For this hypothesis to have any credibility there has to be a reason behind this. There has to be a really important reason for such a devious amount of intruige, puppet-strings and the manipulation of power. Surely a country with mass immigration ensuring profit maximisation for large businesses with taxation rules that choke small businesses into mountains of costs for compliance, having de-industrialised due to net-zero sending manufacturing to far more profitable ends of the world like India and China, whilst maintaining the opioid of the masses with club football owned by major foreign companies and taxing the civilian population for everything they have whilst surveiling them more than in China itself, could not possibly be the playground for vested interests in the shadows? Conspiracy theories are dangerous, and can send people down rabbit-holes that only get worse and worse. The paranoia of the unseen is a dangerous concept and should not be dabbled with without the intelligence and forethought to know when to stop. But when you look at the state of our politics you can’t help but think; what has happened, and why it is happening?
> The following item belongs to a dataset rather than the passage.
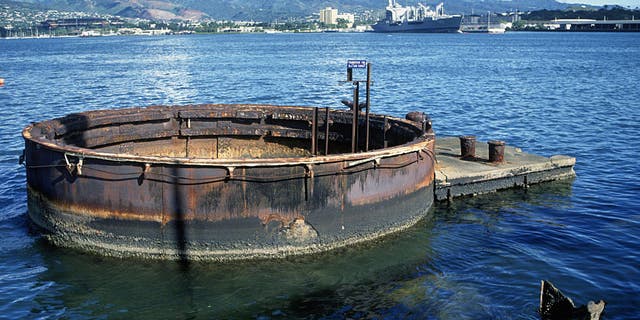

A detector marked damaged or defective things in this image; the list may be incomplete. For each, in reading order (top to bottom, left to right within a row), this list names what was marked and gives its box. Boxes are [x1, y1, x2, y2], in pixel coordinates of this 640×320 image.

corroded iron [22, 104, 438, 262]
There is one more thought for you. In 2015 UKIP got 3.8 million votes and 1 seat. In this election the Reform Party will probably get between 4-8 million votes, depending on what happens in the next 2 and a bit weeks, and are projected to get maybe 3 seats. This is surely a democratic outrage. What kind of awful representation is this? Forget your political leanings, surely democracy should win over all? Despite your premonitions about the Reform Party, you should agree that if they get votes that should equate to seats. Yet the discussion at the moment is dominated by a sneering “oh, but they’ll never get any seats so haha”. The blasé attitude people have to a gigantic democratic deficit is astonishing. So why is this happening? It suits the men in grey suits. Let’s have everyone forget the gigantic flaw in the democratic system that keeps us in complete control. Let’s sweep the democratic deficit under the carpet, and let’s keep the unelected House of Lords there whilst we are at it, despite the Lords being the largest unelected legislative body in the world outside of the Chinese Communist system. Any other western country would be shouting this problem from the rooftops. But when the men in grey suits will do anything to stop that discussion from being had, we are not discussing it.
Why aren’t more people questioning things or providing alternatives outside of a supposed control of politics by a clique of people we don’t see? Well, they might come for you. They might troll through your social media. They might de-bank you. They might send a hate-mob to find you on social media or in public and make your life hell, maybe even get you cancelled from your job or life altogether. They might make your friends disassociate from you. The costs to offering an alternative are great. So, if you are reading this and want to do something with little cost to you, maybe you should think about your vote a bit more; it’s the best you have with as little cost to you as possible. Without courage all we have is freedom and democracy; are you willing to use it?
The conspiracy theorists that we know of are generally rightly laughed at especially when it comes to things like holocaust denial and the 9-11 inside-job plot, but that is because if we believe them then we would engage in a crime almost as if not worse than the crimes we want to ignore. We let people off the hook. But what if we say there are men in grey suits who control our politics to the point that it is weak, devoid of reason, coherence or sense to the general public and we are wrong? Nothing. What if we say all these things and we are justified and ignored? Nothing good.
Just keep watching. Watch the politicians closely. Maybe, just maybe, the men in grey suits will make a mistake, or you might just see the silhouette of a puppet-master.